Monday, May 19, 2014

Seriously, Check Your Privilege

Know that the Lord is God.
It is he that made us,
and not we ourselves;
we are his people,
and the sheep of his pasture.

Psalm 100:3


From everyone to whom much has been given, much will be required; and from the one to whom much has been entrusted, even more will be demanded.
Luke 12:48

It would have been more appropriate if Tal Fortgang, a first year student at Princeton University, had published his essay on White Privilege on April 1st rather than April 2nd. And it would be easier to understand why the essay went viral on the internet.

Writing in The Princeton Tory, he detailed his objections to the phrase, “Check your privilege,” which admonishes the speaker to recognize that his or her opinions may be influenced by the privilege associated with his or her station in life. This, he argues, negates all the hard work he did to get where he is, and dismisses his opinions simply because he is a white male.

He accuses those who raise the issue of privilege of “diminishing everything I have personally accomplished, all the hard work I have done in my life, and for ascribing all the fruit I reap not to the seeds I sow but to some invisible patron saint of white maleness who places it out for me before I even arrive.”

With all due respect to the seeds he has sown, to speak seriously of “all the hard work I have done in my life” seems a bit over the top. Tal Fortgang is in his first year of college. High school may have seemed like an eternity, and for some young people it is really hard, but it’s difficult to see it as a lifetime achievement.

Fortgang says that he decided to “check his privilege” to see how his past had brought him to his present situation. “I decided to take their advice,” he writes. “I actually went and checked the origins of my privileged existence.”

Of course, we know that he didn’t go to check his origins because someone told him to check his privilege, but it does make an engaging introduction to his family story. And that story is compelling. His grandfather escaped from the Nazis only to spend years in a forced labor camp in Siberia. His grandmother weighed just eighty pounds when she was rescued from Bergen-Belsen at the end of the war. They came to America and succeeded through hard work and sacrifice. They lived out the American dream.
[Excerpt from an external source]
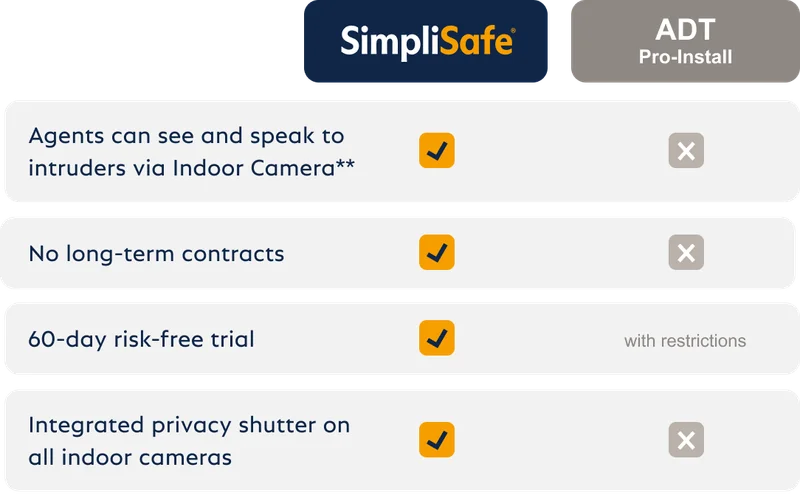 SimpliSafe vs ADT Pro-Install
It’s a great family story. And I mean that quite seriously.

But the idea of privilege is not about whether our grandparents worked hard. It is about recognizing that the place we occupy in society is not (entirely) of our own making. For Tal Fortgang, part of what it means is that he owes a great debt to his grandparents.

He probably would not have gotten into Princeton without hard work, but for most young people, all the hard work in the world would not have gotten them admission to Princeton or any of another several dozen elite colleges. He was born with intellectual abilities that others simply do not have. His parents supported him and taught him to value education. They probably gave him an environment that stimulated his curiosity. He was helped by his teachers and his school, and his hometown. He benefitted from his socio-economic status. There are very few kids at prestigious colleges who come from economically disadvantaged homes, though many feel disadvantaged because they compare themselves to their even wealthier classmates.

Everyone at Princeton, regardless of race, gender, religion, or the economic status of his or her family, has been gifted with enormous privilege.

Questioning his privileged surroundings, he writes: “Perhaps it was my privilege that my own father worked hard enough in City College to earn a spot at a top graduate school, got a good job, and for 25 years got up well before the crack of dawn, sacrificing precious time he wanted to spend with those he valued most—his wife and kids—to earn that living. I can say with certainty there was no legacy involved in any of his accomplishments. The wicker business just isn’t that influential. Now would you say that we’ve been really privileged? That our success has been gift-wrapped?”

Yes, Mr. Fortgang, that was and is part of your privilege. Your father sounds like an exemplary individual, and he worked hard to give you the life you now enjoy.

The reminder to “check your privilege” is not meant to make us feel guilty. It is meant to remind us that race, gender, class, and a host of other factors beyond our control have helped us to become the people we are. And that where we are in the socio-economic landscape influences how we see the rest of the world.

We hope that we have been good stewards of the gifts we have been given. We hope that we will add to the cultural legacy we have inherited. And we hope that by being aware of the gifts we have received we will take a kinder view of those who have less than we do.